==== Extracted data ====

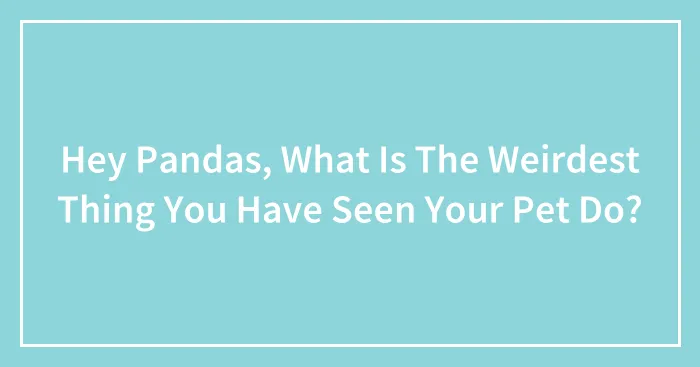 Hey Pandas, What Is The Weirdest Thing You Have Seen Your Pet Do? (Closed)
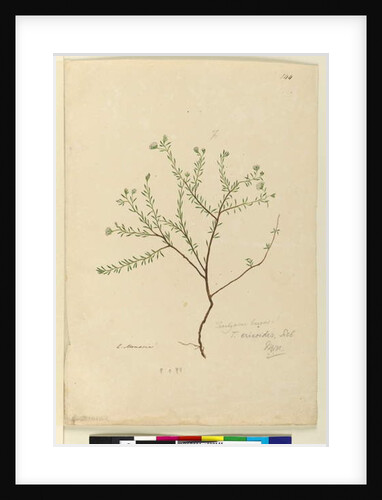Page 144. Trachymene linearis, c.1803-06 by John William Lewin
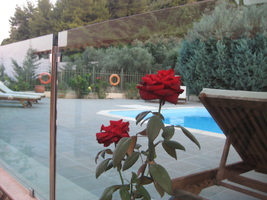 Κήπος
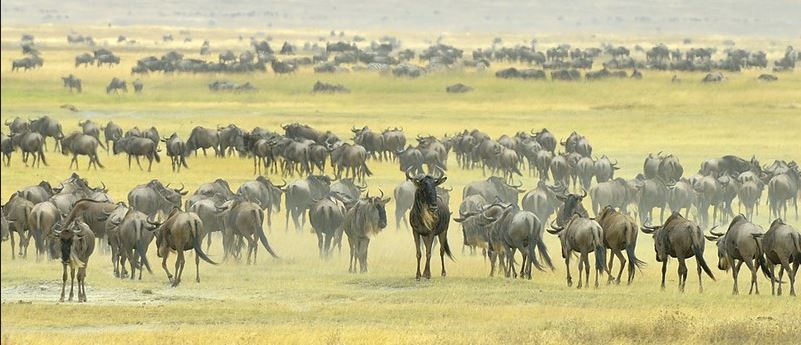 13 Days Tanzania wildlife safari and Cultural tour 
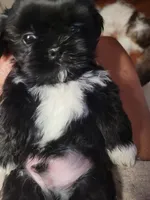 Crypto, a male Shih Tzu for sale in Yonkers, NY – 4 of 5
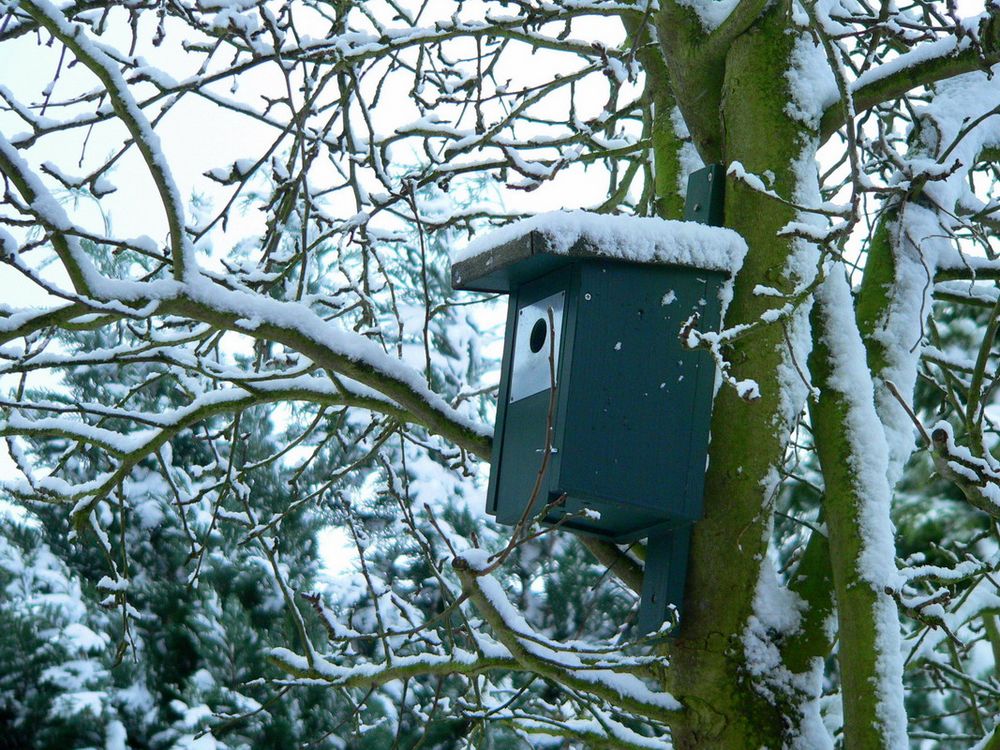 Hier ist eine Winterwohnung frei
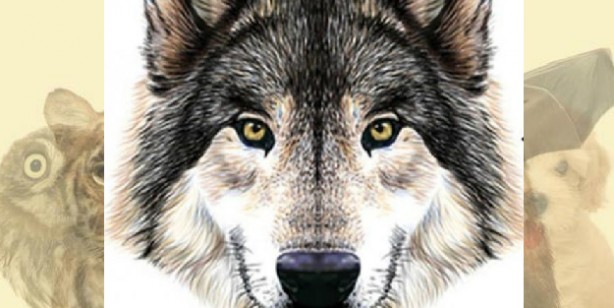 Foto - İşte herkesi şaşırtan kişilik analizi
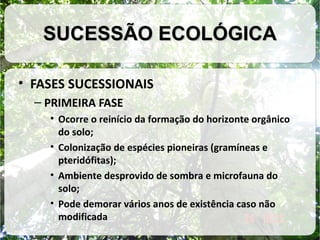SUCESSÃO ECOLÓGICA
• FASES SUCESSIONAIS
– PRIMEIRA FASE
• Ocorre o reinício da formação do horizonte orgânico
do solo;
• Colonização de espécies pioneiras (gramíneas e
pteridófitas);
• Ambiente desprovido de sombra e microfauna do
solo;
• Pode demorar vários anos de existência caso não
modificada

 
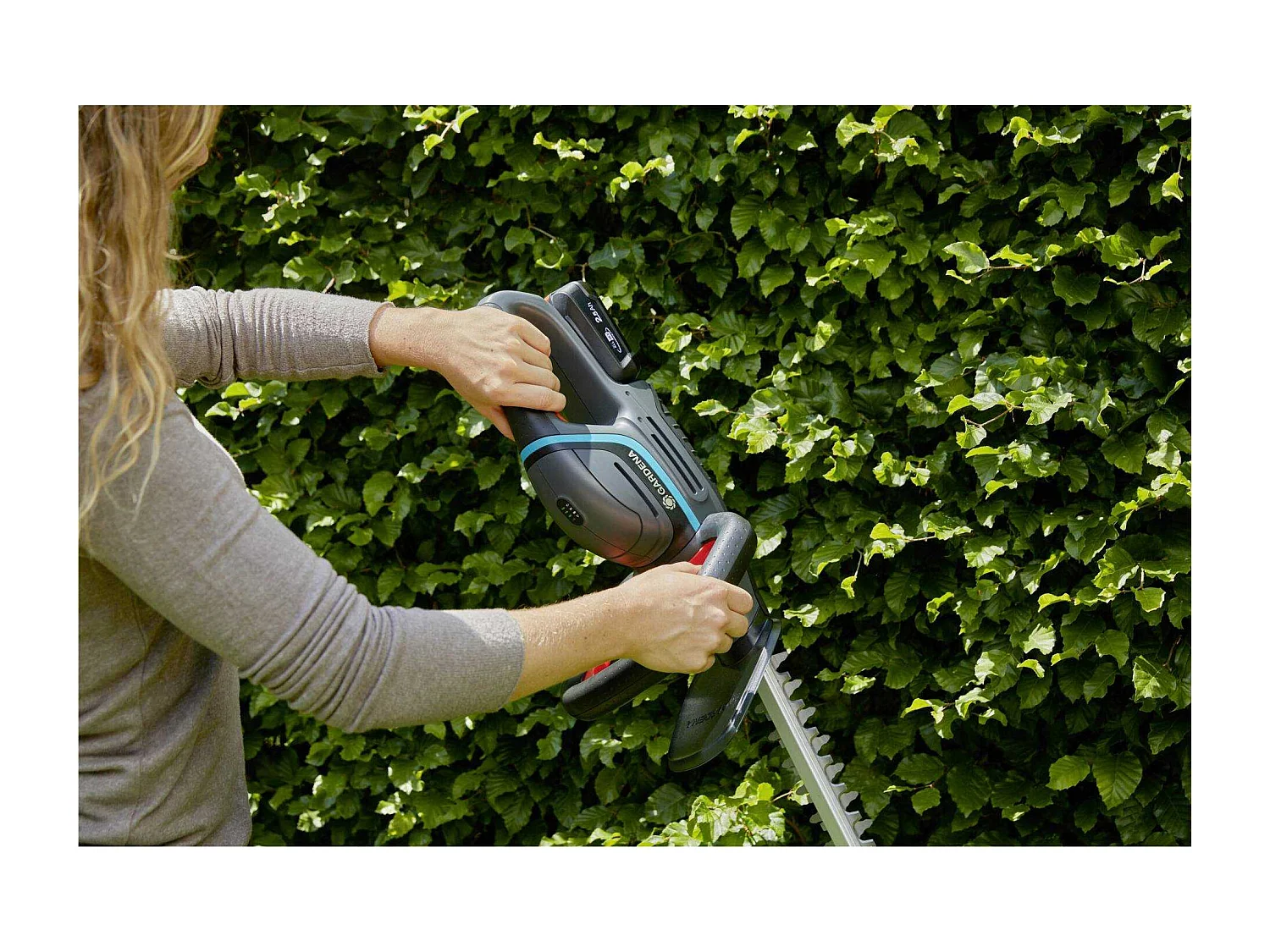 Gardena ComfortCut 50/18V P4A solo - Taille-haies - sans fil - 18 V - sans batterie - 50 cm
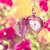 :iconsecretsofshadow:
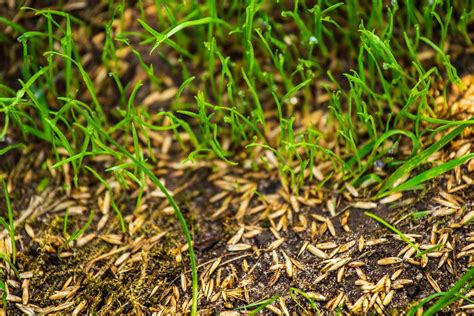 How Long To Grow Bermuda Grass From Seed | Storables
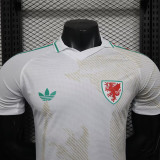 26/27 Wales Away Player Version Soccer Jersey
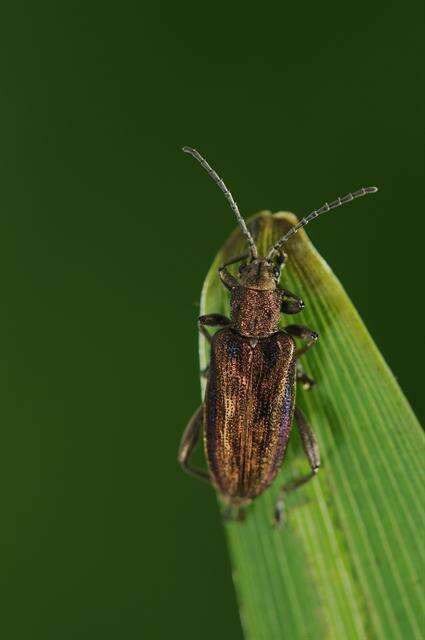 Image of <i>Donacia marginata</i>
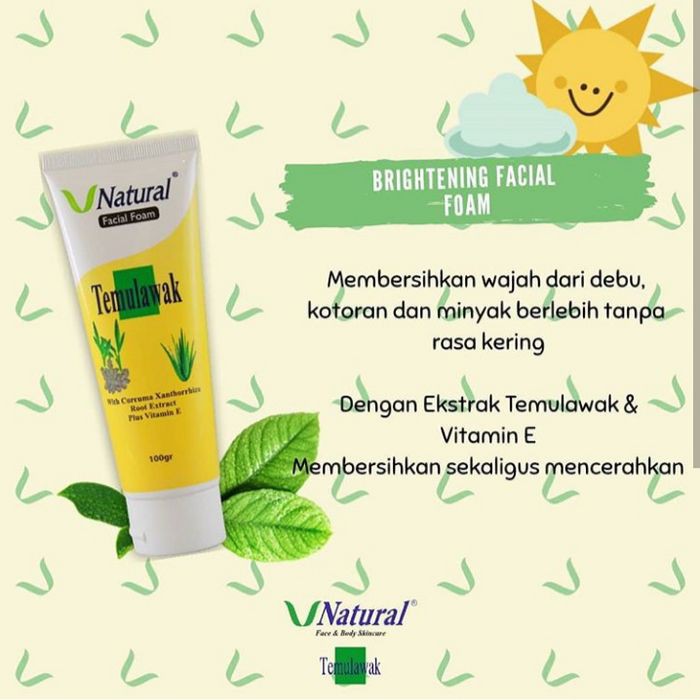 [PERPC] CLEANSER TEMULAWAK V NATURAL / FACIAL FOAM TEMULAWAK /ORIGINAL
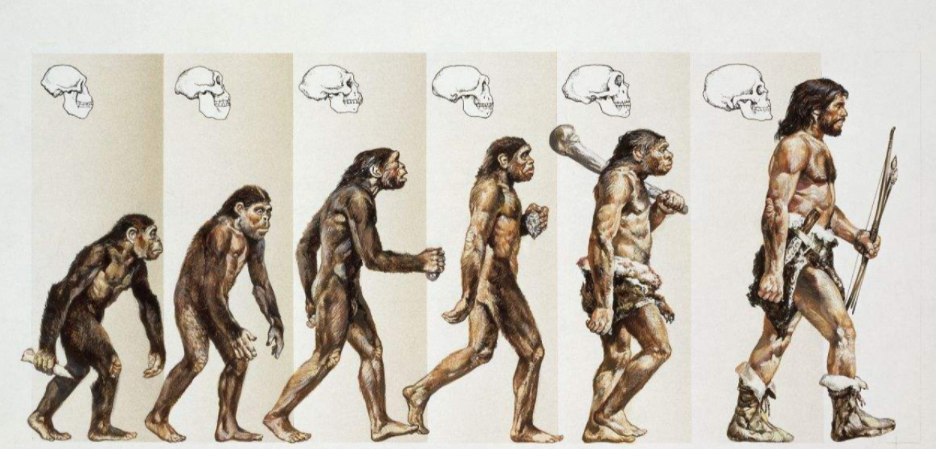 人类仍在进化！2020年研究：手臂长出新血管，会永久进化吗？ 第1张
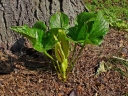 Arum maculatum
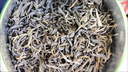 张一元云豪茉莉花茶散装一级茉莉云毫前门大栅栏总店茶叶浓香新茶 * 250g2袋云豪 茉莉花 实拍图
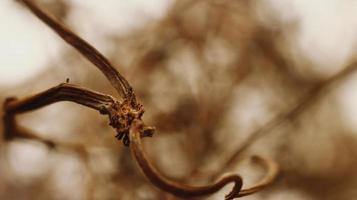 Closeup Of Dried Leaves and Twigs In Forest in Karachi Pakistan 2022 photo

====

▶ [Problem requirements] Only the lines from the start of the material through the line containing "Image of <i>Donacia marginata</i>" should be transcribed. Pictures stay out.

▶ [Solution for this problem]
 Hey Pandas, What Is The Weirdest Thing You Have Seen Your Pet Do? (Closed)
Page 144. Trachymene linearis, c.1803-06 by John William Lewin
 Κήπος
 13 Days Tanzania wildlife safari and Cultural tour 
 Crypto, a male Shih Tzu for sale in Yonkers, NY – 4 of 5
 Hier ist eine Winterwohnung frei
 Foto - İşte herkesi şaşırtan kişilik analizi
SUCESSÃO ECOLÓGICA
• FASES SUCESSIONAIS
– PRIMEIRA FASE
• Ocorre o reinício da formação do horizonte orgânico
do solo;
• Colonização de espécies pioneiras (gramíneas e
pteridófitas);
• Ambiente desprovido de sombra e microfauna do
solo;
• Pode demorar vários anos de existência caso não
modificada

 
 Gardena ComfortCut 50/18V P4A solo - Taille-haies - sans fil - 18 V - sans batterie - 50 cm
 :iconsecretsofshadow:
 How Long To Grow Bermuda Grass From Seed | Storables
 26/27 Wales Away Player Version Soccer Jersey
 Image of <i>Donacia marginata</i>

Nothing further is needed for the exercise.